Bu yazıda yalnızlığımdan, çaresizliğimden ve esaretimden dem vuracakmışım gibi geliyor. Gerçi belli olmam, mutsuz yüzümü görmeyesin/görmeyeyim diye elimden geleni ardıma koymam ben. Yine de.. yine de.. belki anlatırım ha?

Kimyamız uyuşmadı kelamı şimdiye dek ne dilimden ne de elimden dökülmüştür. Ancak geçtiğimiz günlerde çaresizlik içinde kıvrandığım, derdimi anlatmaya dimağımdaki lugatın yetmediği bir anda kurduğum cümle içerisinde geçti. Anlatamıyorsamkonuşmayayım kardeş o gün gezmelere gitmişti. Bazı kelimelere, deyimlere ve hatta cümlelere açıktan ve alenen gıcığım vardır, bu da onlardandır esasında ( diğerleri iki nokta üstüste irrite - fevkalade - fevkaladenin fevki - bağlam - stres - biçem - gerçeklik - pozitif bakmak... hatırladıkça eklerim ) . Gelme üzerime daha fazla. Seviyor olabilirim seni.

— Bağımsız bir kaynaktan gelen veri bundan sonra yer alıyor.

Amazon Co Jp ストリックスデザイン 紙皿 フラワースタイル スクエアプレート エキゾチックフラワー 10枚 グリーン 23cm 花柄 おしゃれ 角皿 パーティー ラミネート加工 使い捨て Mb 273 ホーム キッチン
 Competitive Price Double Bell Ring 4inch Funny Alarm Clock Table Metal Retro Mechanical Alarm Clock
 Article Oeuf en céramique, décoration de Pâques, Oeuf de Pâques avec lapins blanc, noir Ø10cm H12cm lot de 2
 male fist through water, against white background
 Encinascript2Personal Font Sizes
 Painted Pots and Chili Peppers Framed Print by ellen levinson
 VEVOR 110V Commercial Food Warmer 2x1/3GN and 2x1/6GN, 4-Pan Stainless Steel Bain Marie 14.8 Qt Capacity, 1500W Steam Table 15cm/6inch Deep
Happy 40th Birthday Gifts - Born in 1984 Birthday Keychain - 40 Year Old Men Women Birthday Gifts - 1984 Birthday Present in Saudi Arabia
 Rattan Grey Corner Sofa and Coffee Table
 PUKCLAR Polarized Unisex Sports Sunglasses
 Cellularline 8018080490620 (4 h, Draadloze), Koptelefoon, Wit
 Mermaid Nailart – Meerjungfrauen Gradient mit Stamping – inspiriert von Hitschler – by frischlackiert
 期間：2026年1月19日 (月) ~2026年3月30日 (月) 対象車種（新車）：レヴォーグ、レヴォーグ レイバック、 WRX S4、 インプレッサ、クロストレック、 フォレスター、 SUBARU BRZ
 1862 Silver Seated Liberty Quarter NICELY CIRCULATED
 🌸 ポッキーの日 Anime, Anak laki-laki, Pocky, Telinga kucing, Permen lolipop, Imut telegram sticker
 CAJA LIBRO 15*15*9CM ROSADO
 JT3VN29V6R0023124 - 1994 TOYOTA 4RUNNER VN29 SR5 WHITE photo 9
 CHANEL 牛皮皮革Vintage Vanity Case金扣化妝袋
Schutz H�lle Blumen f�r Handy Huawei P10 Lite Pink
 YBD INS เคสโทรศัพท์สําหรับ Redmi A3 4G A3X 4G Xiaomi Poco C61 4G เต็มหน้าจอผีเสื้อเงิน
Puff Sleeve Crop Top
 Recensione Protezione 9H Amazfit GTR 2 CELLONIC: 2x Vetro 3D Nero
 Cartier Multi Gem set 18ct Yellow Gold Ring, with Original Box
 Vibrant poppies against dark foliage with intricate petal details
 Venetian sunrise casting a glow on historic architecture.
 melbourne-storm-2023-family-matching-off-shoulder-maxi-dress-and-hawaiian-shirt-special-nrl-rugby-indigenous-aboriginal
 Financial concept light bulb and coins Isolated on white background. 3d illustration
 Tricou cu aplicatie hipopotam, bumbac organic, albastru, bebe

Bu şehirle, burada yaşayan insanlarla hiç bir zaman kimyam uyuşmadı. Ne ben onları sevip kabullenebildim ne de onlar beni.

Kurduğum cümle yaklaşık bu idi ve inanır mısın çok doğru idi.

maslahatgüzar bu yazıyı işlerinin çokluğu yüzünden bitiremedi, iki gün sonra kaldığı yerden devam etmek istedi ancak asık suratlı Londravari ruh durumu, yerini pırıl pırıl Antalya güneşine bırakmıştı.